The BBC is currently mired in controversy over links between its Chair and the Tory Party. Meta (the parent company of Facebook, Instagram and WhatsApp, among others), and its rivals, appear untameable and continue to pump out hate speech online. The only real restraint on the media is action from their own employees, such as BBC journalists striking against cuts or Facebook employees walking out over #MeToo.
Why are the Tories so worked up about free speech?
The Tories’ real problem is that many young people, and especially students, broadly reject the right-wing ideology which the government pushes and are quick to react to discriminatory statements and actions, specifically misogynist, transphobic and xenophobic views. Meanwhile, the Tories are headed for a crushing defeat at the next general elections. Desperately trying to hold on to their support, they have built a ‘culture war’ campaign taking aim at oppressed people – and raising the spectre of ‘cancel culture’.
But will the appointment of Arif Ahmed mean anything for LGBTQ+ youth looking to express themselves freely in school, or to make their voices heard on topics like the climate crisis? Almost certainly not. Indeed, guidance from the government’s counter-terrorism authorities suggests that school students who “participate in planned school walkouts” against the climate should be referred to the Prevent ‘anti-extremist’ scheme. The silence on this from the ‘defenders of free speech’ is deafening. In reality, this appointment is nothing to do with free speech, but about furthering the Tories’ ‘war on woke’.
Socialist approach needed
Socialists defend the right to free speech. Our movement is democratic and thrives on the expression of different views and debates about the demands we should make and the tactics we should pursue. We fight for openness and transparency whereas the capitalist class, and their agents in government and the state, hide the truth behind ‘state security’ and ‘commercial confidentiality’.

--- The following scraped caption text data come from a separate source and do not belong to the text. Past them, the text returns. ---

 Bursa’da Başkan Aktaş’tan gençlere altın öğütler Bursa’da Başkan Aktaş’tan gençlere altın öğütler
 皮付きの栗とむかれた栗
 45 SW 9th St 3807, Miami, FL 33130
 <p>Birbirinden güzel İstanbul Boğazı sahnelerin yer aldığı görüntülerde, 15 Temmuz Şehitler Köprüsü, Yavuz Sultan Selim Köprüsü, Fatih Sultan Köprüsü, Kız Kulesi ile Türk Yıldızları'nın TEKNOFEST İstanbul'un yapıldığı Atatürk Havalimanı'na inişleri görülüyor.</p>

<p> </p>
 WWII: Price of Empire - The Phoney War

On the other hand, we defend the rights of people to protest bigoted views, especially because these lead to violent attacks on minorities, and we have no sympathy for the bigots when counter-protests turn out to be strong enough to ban the bigot from speaking. We applaud workers who take action and withdraw their labour, such as those at the comedy club in Edinburgh who refused to work at an event featuring the transphobic Scottish National Party politician Joanna Cherry.
Under capitalism, workers have almost no control over the views which are given a platform in society. Collective action like this points toward the fact that workers would have little time for many of the reactionary ideas pushed by the ruling class, if we had the power to democratically decide how the resources in society – including the media – are used.
In a socialist society, the media empires would be broken up and printing presses, television studios and media servers would all be in public hands. Workers and communities would have access to the press and media as never before, and resources would be allocated democratically. Only then could we really talk about a press free from the interests of profiteers and purveyors of hatred.